As explained in this video, Mobeus follows the network-based model in the sense that the cell phone contains a small ‘client’ that performs the voice capture (end-pointing, compression, etc.), which then processes the utterance on a network of powerful servers and then returns the results back to the client. This is a similar play to what AT&T has been offering its wireless subscribers as the #121 service (aka “Voice Info”) which is basically a shortcut into Tellme’s services.

What do you think? Are you seeing other trends in our industry? Which of these models do you think will ultimately survive?

4 thoughts on “Is multi-modality and network-based speech recognition the future?”

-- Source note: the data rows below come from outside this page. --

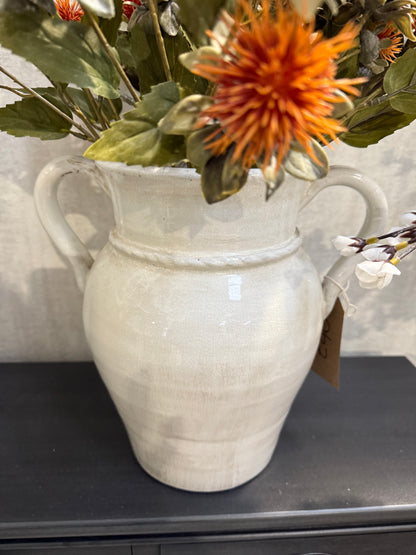 Cream Dist Ceramic Vase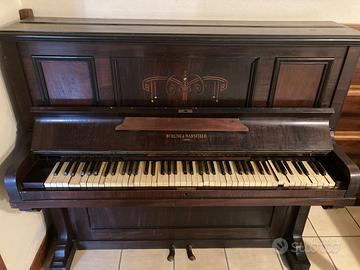 Pianoforte verticale d’epoca Burling & Mansfield (
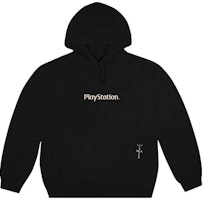 Travis Scott x Playstation Black Letter Graphic Oversized Hoodie Men. CJPS-HS10 Travis Scott x Playstation Black Letter Graphic Oversized Hoodie Men. CJPS-HS10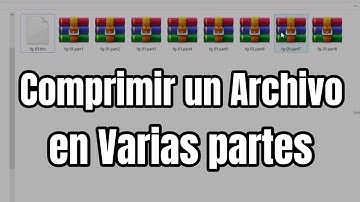 Comprimir un Archivo en Varias partes con winrrar, Fácil y rápido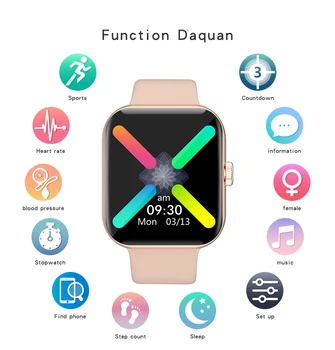

2020 Smart Watch Men Women Smartwatch for Android IOS Waterproof Bluetooth Heart Rate Fitness Tracker Smart Band Pedometer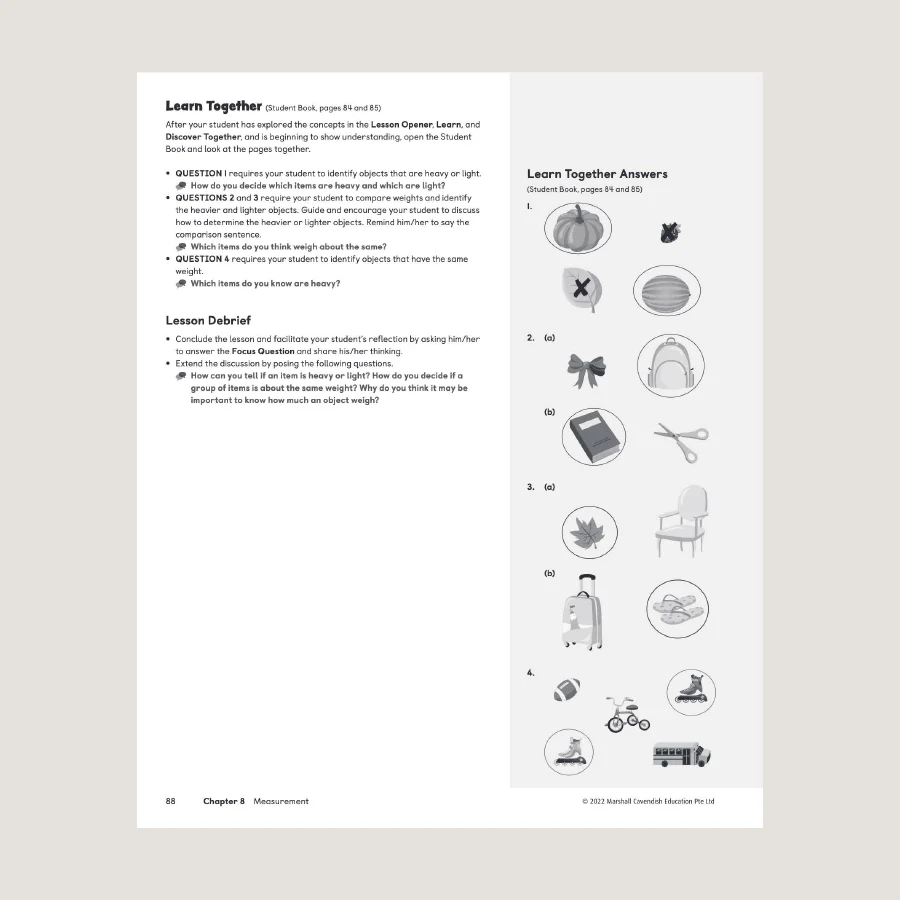 Primary Mathematics Home Instructor's Guide KB (2022 Edition) - Blemished - Image 4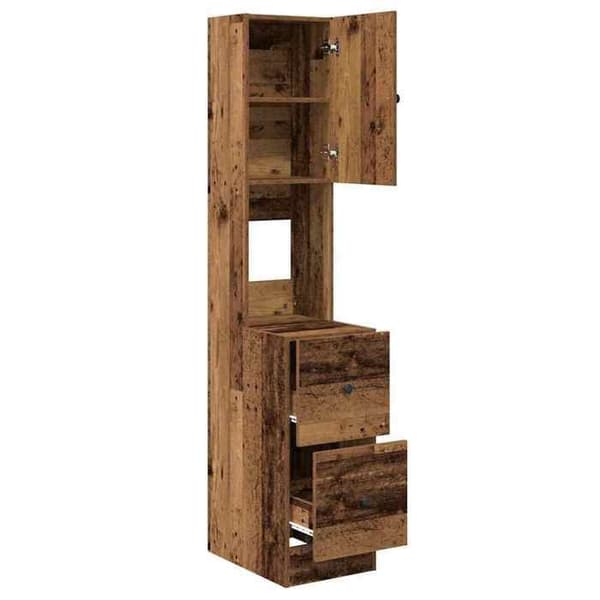 Köksbuffé - EXKLUSIVT HEM - Antik trä - Rymlig förvaring - 1 låda - 32×50×180 cm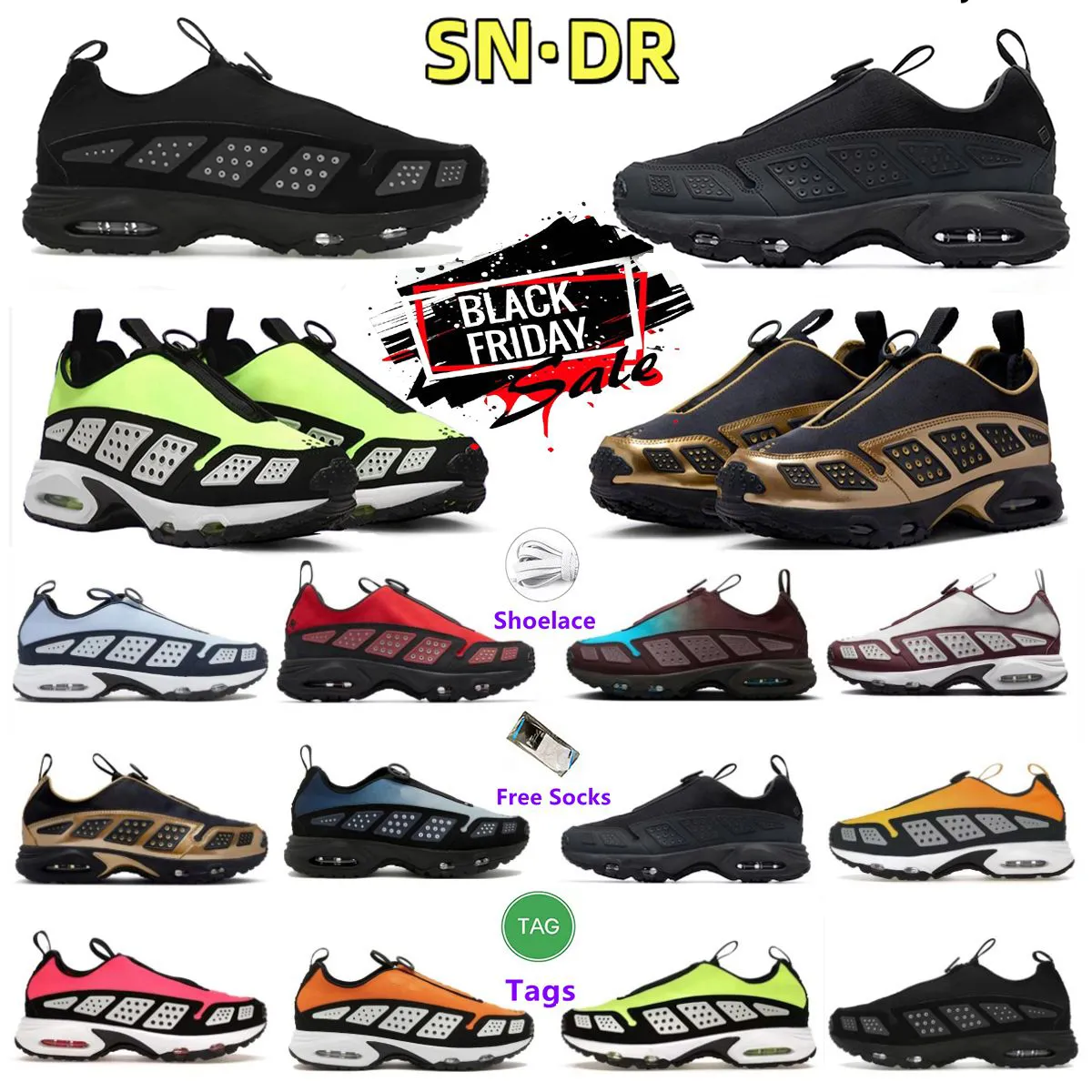 SNDR Designer Running Shoes: Stylish Comfort Triple Black, White, Gold  More! Men's Women's Sports Buy Now!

  1. Interesting ideas. I think network-based speech is a prerequisite to any sort of wide adoption of speech rec. Multi-modal works well in hands-free activities such as driving or field service workers. It doesn’t make as much sense for cell phones which are typically held to the ear or (with Bluetooth) worn on a belt. That being said, one real holy grail is speech-to-text dictation of notes. There would be a huge market for the ability to speak an e-mail. This is not currently possible with our legacy 64 kb/s telecom network with its poor audio quality of 4KHz bandwidth. Network-based speech breaks this boundary by capturing high-quality audio and transmitting it as data to speech rec engines on the network.

    The car, because it is a private space, and the user’s hands and eyes are busy, offers huge opportunities for speech apps.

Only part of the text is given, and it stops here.